What is it about this view from above that attracts so many people?
It comes down to a couple of things: You can see so much, you can see vastness that you can’t see from the ground, you can see the entirety of something.
I’m able to show an entire airport, from end to end. The entirety of an agricultural facility, the entirety of a factory, and I don’t think that if you’re at a place or even up in a plane or helicopter that you can get that sense of scale.
I also think the flatness and 2-D aspect of the images is kind of confusing. That ability to confuse people or get them to ask questions is very powerful because we are not used to seeing things this way.
How do you use these images to tell a bigger story?

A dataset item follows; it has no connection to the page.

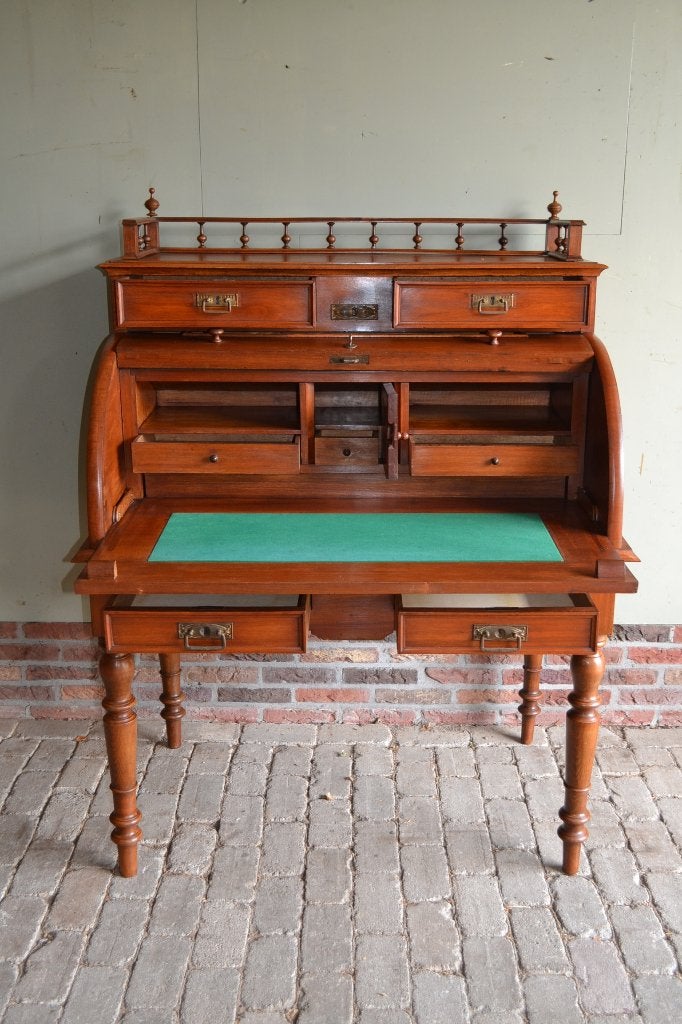 Prachtig antiek noten houten Art Deco cylinderbureau, buro, Verzenden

Showing people something that’s brand new, it makes them ask questions, so I started writing captions to provide that context. I think making it digestible so people can actually read it was always on my mind. It was a response to people’s inquisitiveness and encouragement for them to be inquisitive themselves.
What have you learned through your Overview project?

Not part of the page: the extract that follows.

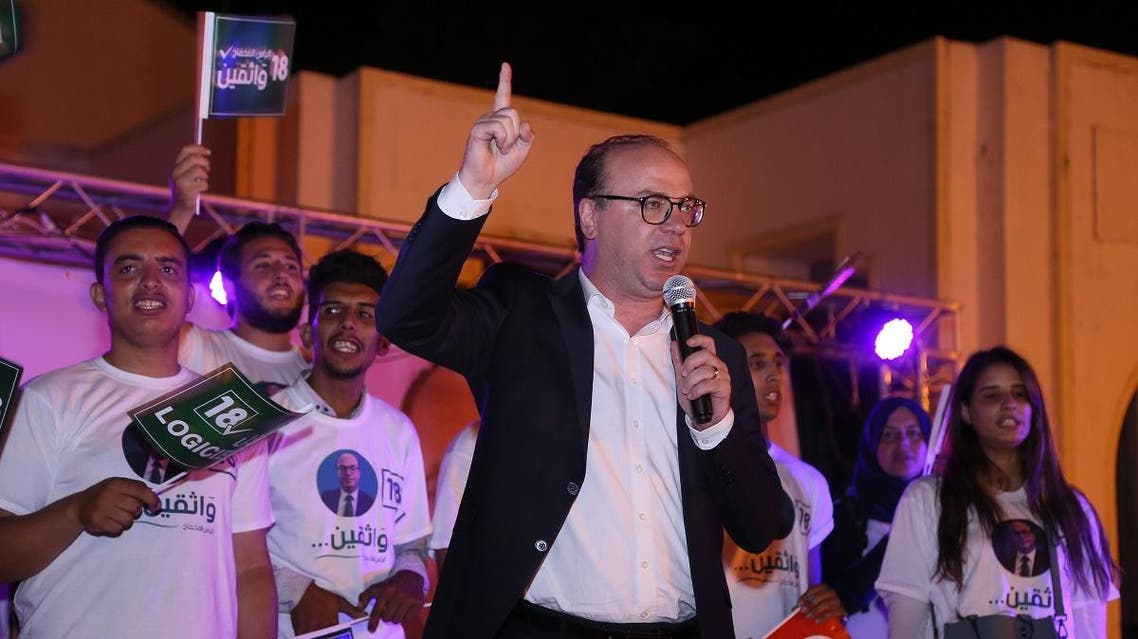 Elyes Fakhfakh, a Tunisian presidential candidate, speaks during an electoral campaign in Tunis on September 12, 2019. (AFP)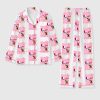 Women's Golden Retriever With Pink Christmas Santa Claus Pajama Set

I’m glad I was open to [Overview] not just covering the classic forms of human impact that we think of, with deforestation and fossil fuel burning and mining, but to basically anything in which humans play a part.
It opened the lens to me of how vast and far reaching our impact is. Think of the world or transportation; [most of us] are not thinking about shipping all of the time, or driving around on highways or trains, or airplanes. That alone can be shown in so many ways.
How do you collect these images?
[That] it was all human-impact stuff helped make it less overwhelming at first. It wasn’t just “open the map and hope.” If I had done that, it would have been a disaster. So I started with ideas about energy, about mining, then thinking more specifically and thinking where that was happening before doing any sort of searching on the Internet.
Also, when I read the news and see a story on glaciers melting in Greenland, I’m going to go look at it. So it can be really adapted to current events. I want to keep it relevant.
But how does it all work?
I’m in a partnership with a satellite company that gives me access to their software and their archives so I can then select on the map, which starts a download process. But then I get it in many pieces, so I have to stitch it together and compose it.
It’s an interesting process. The imagery is 2-D, so I can flip it upside down, and I will. You can treat these like art and figure out which orientation is the most captivating. That’s the artistic process.
What do you hope that the viewer takes away from this project?
I hope that people start to think outside their bubbles, for lack of a better word. I think things like Facebook reinforce those bubbles and you only see your friends, your family and the people you went to school with. Overall I think that worldviews are potentially shrinking because of technology, and I think this is a way to actually expand your worldview to see all of it (potentially).